Exon 19 deletion and L858R point mutation activate somatic mutations in EGFR, and they frequently contribute to structural changes of EGFR tyrosine kinase domains which might be responsible for their different sensitivities to EGFR-TKIs . Mentioned above, exon 19 deletion consists of several molecular variants. In this study, we evaluated the impact of exon 19 deletion molecular variants on sensitivity to first line afatinib monotherapy.
According to COSMIC database, the most frequent molecular variant was p.E746_A750delELREA, followed by p.L747_P753 > S, p.L747_T751delLREAT and p.L747_A750 > P (Additional file 1: Table S1) . While these variants almost always include LRE area, other variants aside from LRE, such as p.S752_I759delSPKANKEI, were also identified . The tyrosine kinase domain of EGFR consists of the N-lobe and the C-lobe. The frame-shift alterations of exon 19 deletion mutations often happen near the C-helix within the N-lobe because of its fragility. Correct positioning of C-helix is required for proper tyrosine kinase activation, and these frame-shift alterations contribute to conformational changes of the tyrosine kinase domain. Each molecular variant appears to have provided specific structural or surface potential changes of EGFR, this might result in variant specific downstream signaling activities [12, 13, 16, 26,27,28]. Ogasawara et al. recently reported that a single codon deletion E746del could induce transformation of the C-terminal domain of EGFR in 3-D structure analysis. The mutant was more kinetically activated and possessed altered electrostatic surface potential of gefitinib binding sites, which preceded much more potent inhibition by gefitinib than wild-type EGFR, and its interaction with gefitinib was similar to common deletion, such as p.E746_A750delELREA . Improta et al. showed that uncommon exon 19 deletion mutations, such as complex deletions with insertion, macrodeletions and duplications also had important structural changes involving the C-helix. Such mutations did not have the same sensitivities to EGFR-TKI . Hence, a single codon deletion as well as complex deletion and microdeletion harbor their own structural conformations which might introduce different sensitivities to EGFR-TKIs [12, 13, 16, 26,27,28]. Even though it remains hypothetical owing to the small number of events, afatinib is an irreversible EGFR-TKI which has broader and more durable inhibitory potencies than those of the first generation EGFR-TKIs, such as gefitinib. In our present study, some exon 19 deletion molecular variants that have specific structural changes of EGFR may provide different impacts on the efficacy of irreversible EGFR-TKI. This could result in different sensitivities between patients harboring different exon 19 variants.
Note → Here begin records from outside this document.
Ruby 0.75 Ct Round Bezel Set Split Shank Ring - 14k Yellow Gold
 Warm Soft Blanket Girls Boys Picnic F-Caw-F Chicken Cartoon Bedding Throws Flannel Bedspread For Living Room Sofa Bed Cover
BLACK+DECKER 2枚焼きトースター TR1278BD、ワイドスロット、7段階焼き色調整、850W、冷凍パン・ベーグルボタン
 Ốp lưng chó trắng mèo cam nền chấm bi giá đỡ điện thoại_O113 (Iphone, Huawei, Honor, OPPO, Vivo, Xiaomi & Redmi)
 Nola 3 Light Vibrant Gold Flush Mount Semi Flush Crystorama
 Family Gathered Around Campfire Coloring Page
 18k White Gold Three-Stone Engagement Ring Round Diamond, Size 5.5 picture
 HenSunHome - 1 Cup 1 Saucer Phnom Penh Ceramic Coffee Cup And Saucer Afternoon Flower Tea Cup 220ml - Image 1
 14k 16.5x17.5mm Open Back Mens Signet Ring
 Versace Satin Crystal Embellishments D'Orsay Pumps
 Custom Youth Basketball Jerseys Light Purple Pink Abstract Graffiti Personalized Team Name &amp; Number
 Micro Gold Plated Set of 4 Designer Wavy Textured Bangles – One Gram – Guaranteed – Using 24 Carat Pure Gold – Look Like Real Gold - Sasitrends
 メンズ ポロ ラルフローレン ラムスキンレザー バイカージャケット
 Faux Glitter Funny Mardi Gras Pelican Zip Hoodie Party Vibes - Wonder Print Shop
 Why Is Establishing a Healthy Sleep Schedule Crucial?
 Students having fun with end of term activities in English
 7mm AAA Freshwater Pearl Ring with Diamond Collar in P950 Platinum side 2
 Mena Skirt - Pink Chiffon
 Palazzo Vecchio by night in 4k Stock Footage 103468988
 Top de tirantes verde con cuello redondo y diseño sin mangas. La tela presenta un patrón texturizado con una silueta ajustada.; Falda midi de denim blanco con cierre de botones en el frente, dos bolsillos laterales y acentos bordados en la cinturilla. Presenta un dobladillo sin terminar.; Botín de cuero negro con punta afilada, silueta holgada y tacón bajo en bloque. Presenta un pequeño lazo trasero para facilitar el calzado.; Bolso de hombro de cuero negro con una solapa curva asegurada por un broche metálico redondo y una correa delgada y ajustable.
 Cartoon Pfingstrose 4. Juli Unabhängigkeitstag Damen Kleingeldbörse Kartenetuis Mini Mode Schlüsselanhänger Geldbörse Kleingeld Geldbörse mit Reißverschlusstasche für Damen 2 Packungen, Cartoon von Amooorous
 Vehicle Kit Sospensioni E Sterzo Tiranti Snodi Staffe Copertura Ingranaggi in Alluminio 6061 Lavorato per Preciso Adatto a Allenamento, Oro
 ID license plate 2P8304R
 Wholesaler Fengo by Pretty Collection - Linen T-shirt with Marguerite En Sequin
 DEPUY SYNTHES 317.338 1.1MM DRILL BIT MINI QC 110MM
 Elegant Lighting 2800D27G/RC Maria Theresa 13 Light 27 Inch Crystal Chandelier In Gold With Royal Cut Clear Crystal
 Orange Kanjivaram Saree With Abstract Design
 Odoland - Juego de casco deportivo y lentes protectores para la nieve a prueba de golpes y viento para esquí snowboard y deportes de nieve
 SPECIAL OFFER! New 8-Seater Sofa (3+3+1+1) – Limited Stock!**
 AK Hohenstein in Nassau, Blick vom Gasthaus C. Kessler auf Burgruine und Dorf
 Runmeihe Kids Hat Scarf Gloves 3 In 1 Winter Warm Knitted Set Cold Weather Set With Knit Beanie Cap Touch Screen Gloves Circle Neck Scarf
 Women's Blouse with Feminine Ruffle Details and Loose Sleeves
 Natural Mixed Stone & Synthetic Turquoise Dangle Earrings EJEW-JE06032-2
Several reports discuss the similar influences of exon 19 deletion variants on the patients with various stages and treatment lines of different EGFR-TKIs to date (Additional file 1: Table S3) [10, 14,15,16,17]. These reports employed several classifications including by the deletion starting codon and by the number of deleted nucleotides. Concerning the starting codon classification, Lee et al. and Kaneda et al. concluded that E746 had longer PFS than E747, although other reports did not [10, 14,15,16,17]. Regarding the number of deleted codons, only Lee et al. reported that 15n-del revealed longer PFS than 18n-del. They also reported that complex deletions with insertion or substitution had much better PFS, but Kaneda et al. stated the opposite conclusion [15, 16]. In our report, according to classification by the number of deleted codons, 15n-del showed longer PFS than complex and 24n-del. This result was contrary to the results of Lee et al. but consistent with the results of Kaneda et al. [15, 16] Despite the preferable response of 15n-del to afatinib in the present study, some patients with 15n-del still showed poor response. Similar phenomenon was reported in the patients that had EGFR-TKI-sensitizing mutations in previous studies . Co-occurring mutations may confer poor response to afanitib monotherapy despite the presence of 15n-del. Additional comprehensive biomarker analysis may help to explore mechanisms of resistance to afatinib, e.g. MET amplification, BRAF V600E, and small cell transformation [ 30].
Previous reports and parental analysis of this study conversely suggest that detection of plasma-mutated DNA may be a good prognostic marker candidate [19, 31, 32]. With our comparatively small subset, however, similar prognostic impacts were not obtained. Furthermore, concerning plasma MAF, there was no clear correlation between plasma MAF and treatment efficacy.
To our knowledge, this is the first report that collected tissue samples to detect exon 19 deletion molecular variants centrally and to evaluate their influence on the first line afatinib monotherapy. The small sample size is a considerable limitation of this study, so further data accumulation and detailed analyses of the molecular variants are still needed to more fully understand the actual difference of sensitivity to EGFR-TKIs. It would be greatly advantageous for upcoming personalized medicine.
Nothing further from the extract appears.